Friday, August 01, 2014

"The Soundtrack of Life"

Around ten years ago I heard an interview with a somewhat-successful 20ish pop-music singer (who did major in "legit" vocal music in college). Someone in the audience posed the question, "What is music?" Without hesitating for a second she replied, "The soundtrack of life."

Now that I think about it, I find something odd about that response. I have music going on in my head all the time, but it is not a soundtrack. It does not telegraph to me what I should be feeling about any of the non-musical things I experience. If anything the music in my head is repetitive and incomplete, and seems to have a life of its own.

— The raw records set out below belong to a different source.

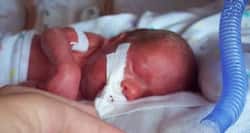 Delivered Too Soon – India’s first action report on preterm births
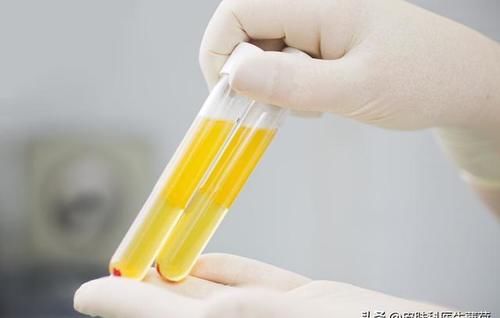 把血抽出来再打到脸上？这是什么丧心病狂的美容方法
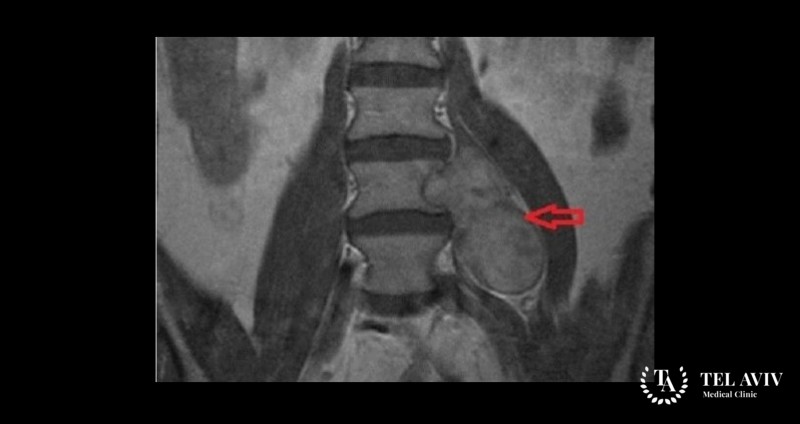 Невриномы спинного мозга и позвоночника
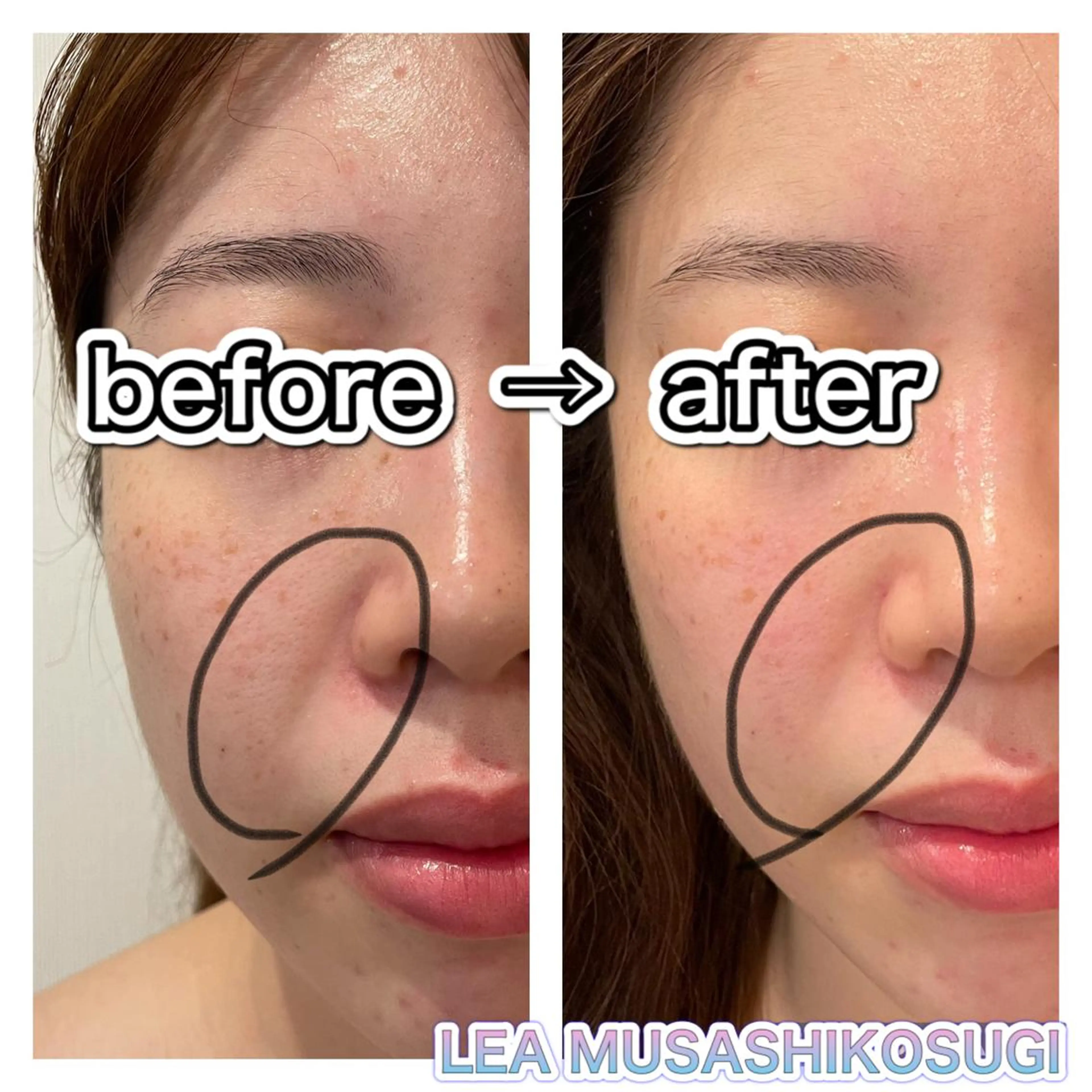 LEA MUSASHIKOSUGI所属・美肌育成サロン LEA武蔵小杉のエステ・リラクイメージ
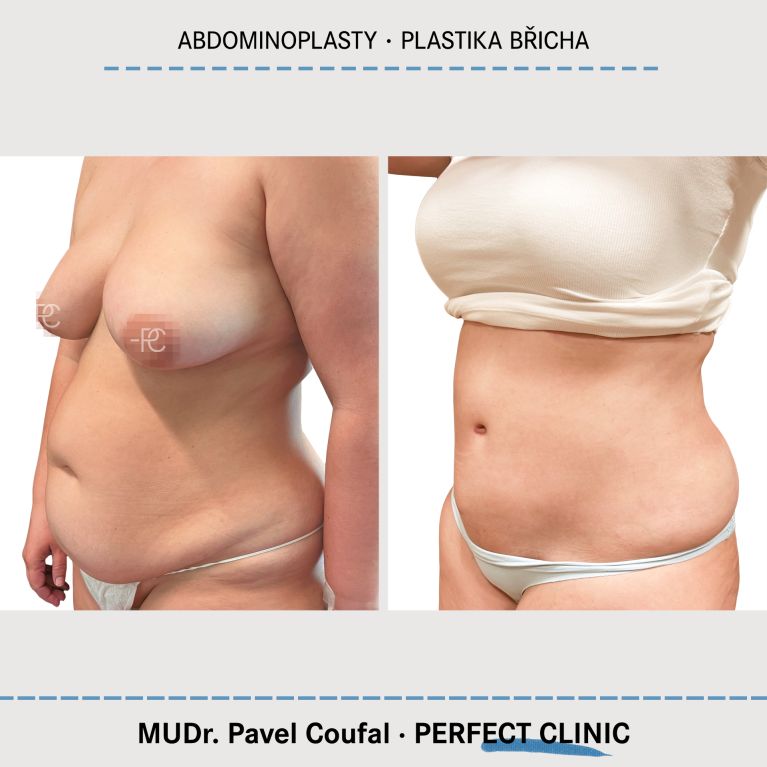 Abdominoplastika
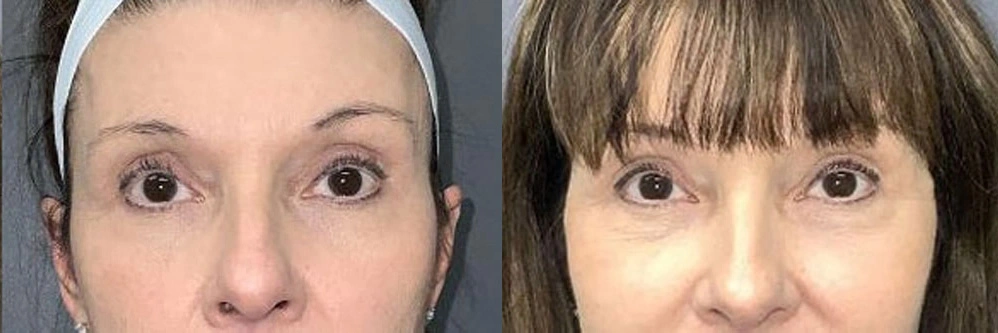 eyes1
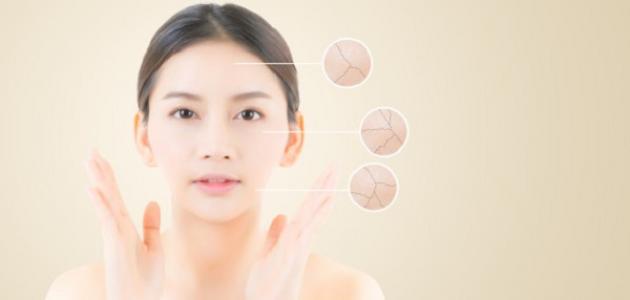 البشره الباهتة صورة مقال البشره الباهتة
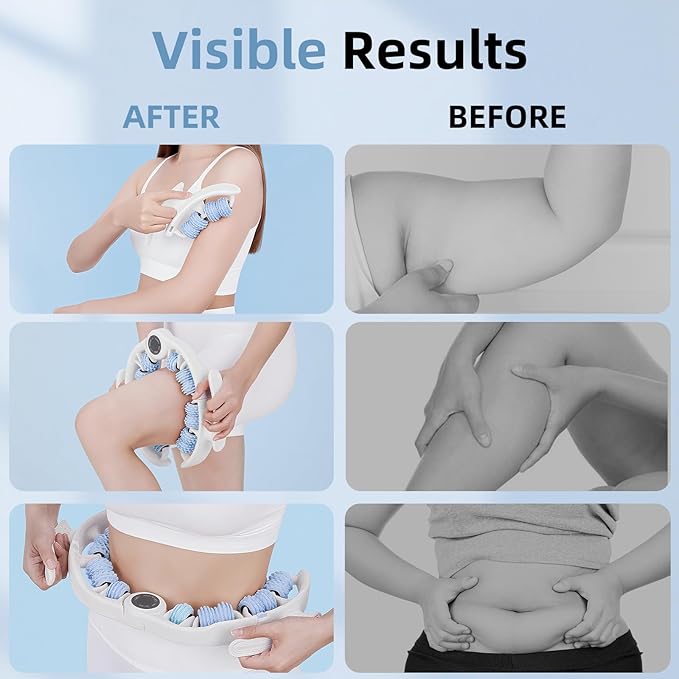 Cellulite Massage Roller for Legs, Anti Cellulite Massage Tool with Detachable, Fats Remover for Legs, Thighs, Butt, Fascia Massage Tool for Lymphatic Drainage & Deep Tissue Pain Relief (Blue)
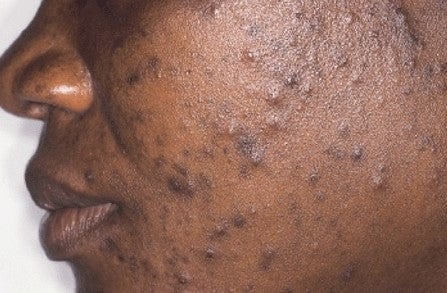 The Truth About Hyperpigmentation No One Tells Africans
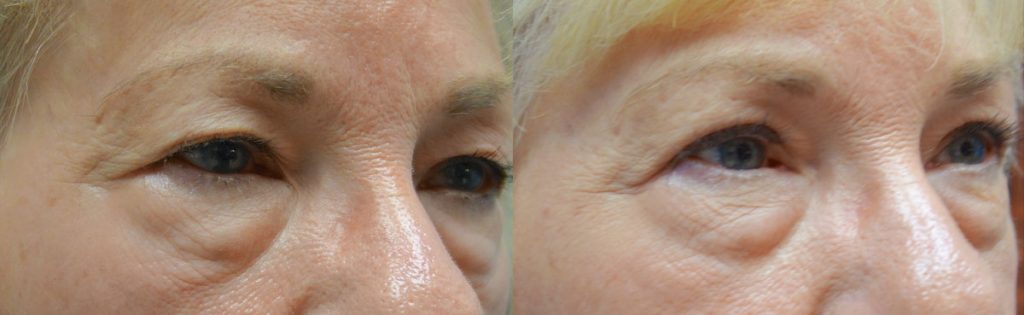 Bilateral Upper Eyelid Blepharoplasty, Bilateral Internal Ptosis Repair NO BROW Patient 09-B 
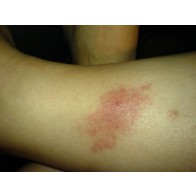 Sandfly bites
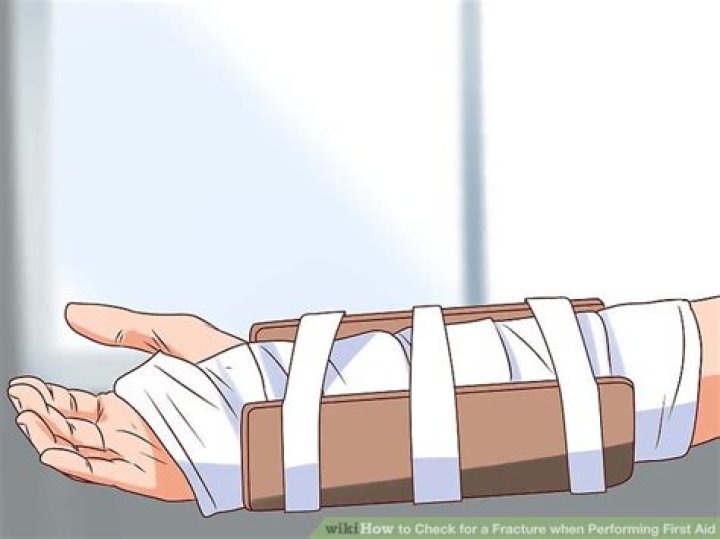 【How-to】How to Check for a Fracture when Performing First Aid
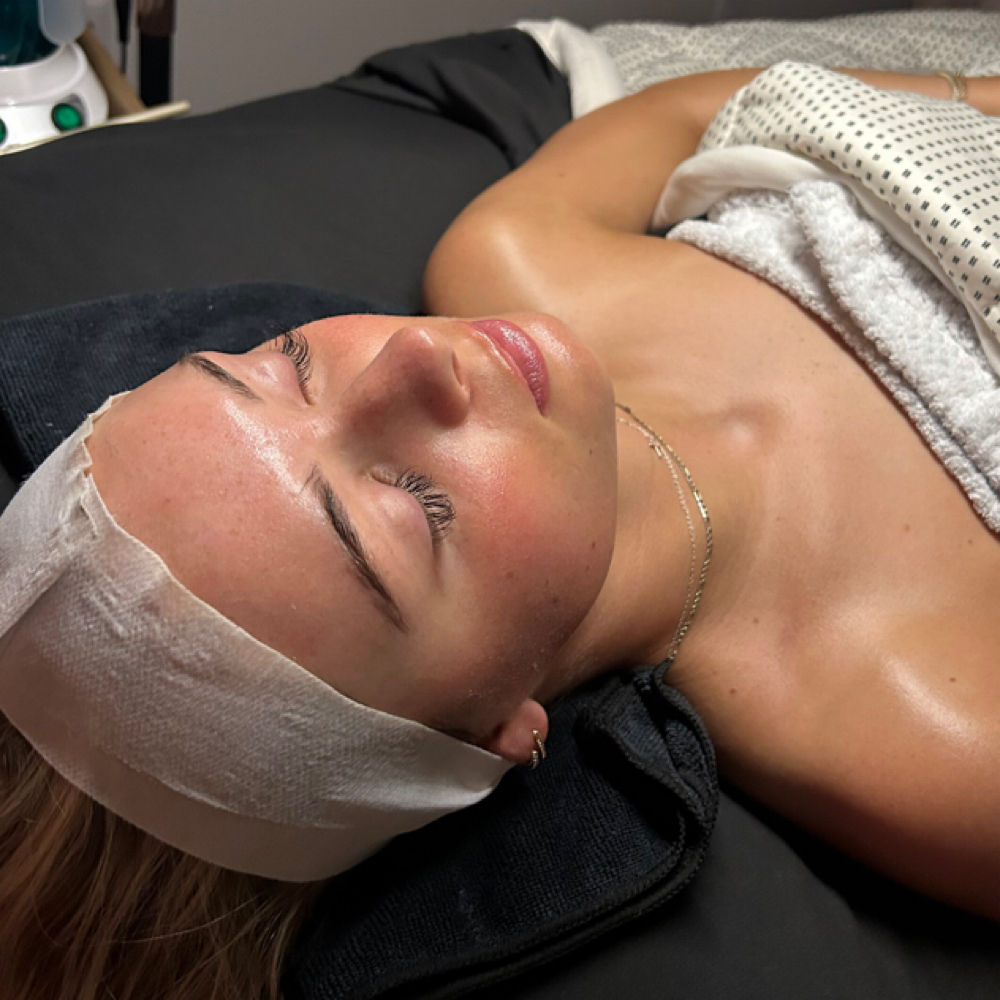 Skin Barrier Repair at Lexibelleskin in St George, UT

My young friend didn't make the "soundtrack" idea up. It apparently originated with Dick Clark, who also gave us "I don't make culture. I sell it," and "I don't set trends. I just find out what they are and exploit them." There you have it.

What is music, then?

Damned if I know. I'm also not really sure where it is. I used to know a whole lot about music, but the more I learn the more baffled I become. I am always in awe when it moves me, because I have no idea why it does.

[I'm slowly making my way through the Bach Well-tempered Clavier this summer, one Prelude and Fugue at a time. Today it was the absolutely astounding E-flat set from the first book, and tomorrow's fare has six flats. Listening to someone else play them is fine, but getting into the water and trying to--figuratively, of course--swim to the other side of the pool without drowning is another story.]

2 comments:

Anonymous said...

"What is music, then?

Damned if I know."

Thank you for not having an answer. Although she is singing about a different subject, perhaps it is wise to follow Iris DeMent’s advice:

“Let the Mystery Be”…..

Anonymous said...

"What is music, then? Damned if I know." This is one of those times disagreement is valid. I know what music is and why it touches me, when it does.

The simple problem is that this blog like musicology itself is mostly conducted in language, not music.

If I could play to you, sing to you, compose for you, arrange for you, and when you play for me, sing to me, compose for me or arrange for me, music explains. Music touches. Music knows.

It's just that language fumbles in trying to talk about music, or write words followed by words. When language learns to play and sing and compose and arrange, then we all can speak the truth of what music is.

Alas language does not serve well at all, until at the minimum it turns to poetry. To luxurious metaphor and mysterious lingo over which rational language stumbles.

This is why music speaks to me so well, while musicology falls so often flat.